Apesar das diferentes motivações dos motoristas e heterogeneidade de narrativas encontradas pelo projeto que abordou os casos da Airbnb e da Uber em Lisboa, os investigadores concluíram que, na maioria dos casos, os motoristas "não estão abrangidos pelas formas de tutela de trabalho de um trabalhador dependente", num setor que "é muito pouco fiscalizado", apesar de a lei Uber, criada para regular o setor, "definir tarefas de monitorização".
Segundo Giovanni Allegretti, em entrevistas a motoristas, também foi referido que, às vezes, "o dia de trabalho ultrapassava as 12 horas", algo que a lei Uber "formalmente impede, mas de forma ambígua", sem definir "bem as responsabilidades e sem fiscalização alguma".
Para o investigador do CES, a lei Uber acabou por criar um sistema de intermediários, que "permanece inserido num contexto que admite a precariedade, que admite a ausência de proteção social".
Questionada pela agência Lusa, fonte oficial da Uber salienta que a empresa garante que tanto operadores como motoristas e veículos na plataforma "cumprem todos os requisitos exigidos por lei", e salienta que desde junho de 2018 a plataforma tem uma ferramenta que garante que nenhum motorista pode conduzir "mais do que dez horas" num dia.
Ainda assim, há muita gente que trabalha a transportar comida, mas são pessoas sem abrigo.
A socióloga Ana Alves da Silva, especializada em relações de trabalho, nota que, com as plataformas, as funções de supervisão e monitorização de uma empresa típica estão a ser substituídas "por uma arquitetura automática, algoritimizada".
Se numa empresa típica há o poder diretivo, regulamentar e disciplinar, também nas plataformas digitais é possível encontrá-los, nota a também investigadora do laboratório Colabor e doutoranda do CES.
"Estas empresas têm o poder de alocar recursos, têm o poder das normas que eu tenho que seguir para prestar o trabalho e ainda determinam o preço do meu trabalho. Eu não tenho qualquer autonomia ou liberdade. É uma situação de falsa independência", vinca.
Sobre o futuro e um possível aumento da expressão destas plataformas digitais, Ana Alves da Silva considera que "tudo depende do nível de atividade política, legislativa e fiscalização".
"Quanto mais liberalizado for o mercado de trabalho e maior o nível de desemprego e situação de privação e precariedade económica maior será o poder destas plataformas no mercado de trabalho", remata.

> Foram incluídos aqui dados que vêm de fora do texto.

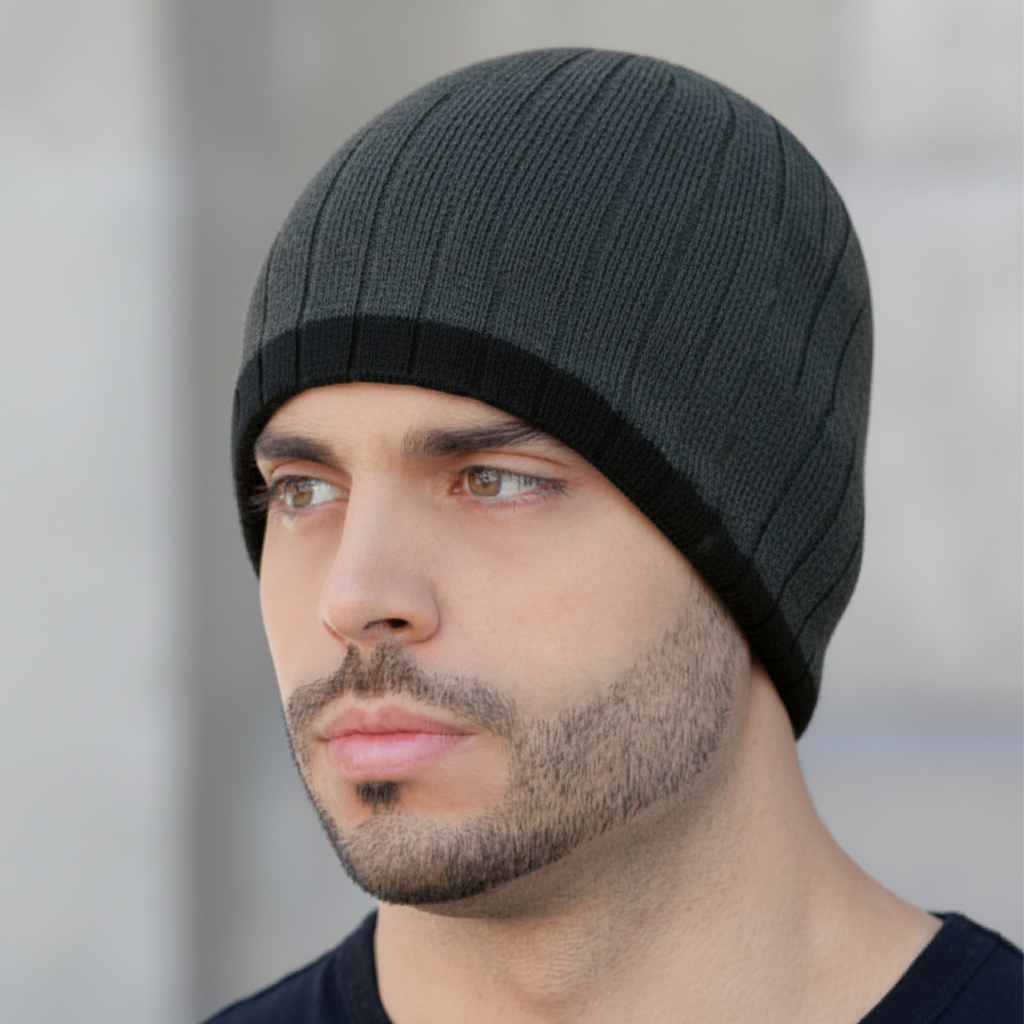 AJM -Coloured bottom Stripe Toque- 1U113M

Para Giovanni Allegretti, as plataformas digitais até poderão aumentar, mas isso não quer dizer que estas não possam ser "utilizadas num contexto de trabalho digno e com direitos".
"Não é que as plataformas criam a precariedade, mas o contexto pré-existente de precariedade foi bem aproveitado, mas também expandido, pelas grandes empresas de plataformas, que através uma inovação tecnológica souberam aproveitar-se de zonas cinzentas da regulação", conclui.
A transição digital foi definida como uma das linhas de ação da presidência portuguesa do Conselho da União Europeia (UE).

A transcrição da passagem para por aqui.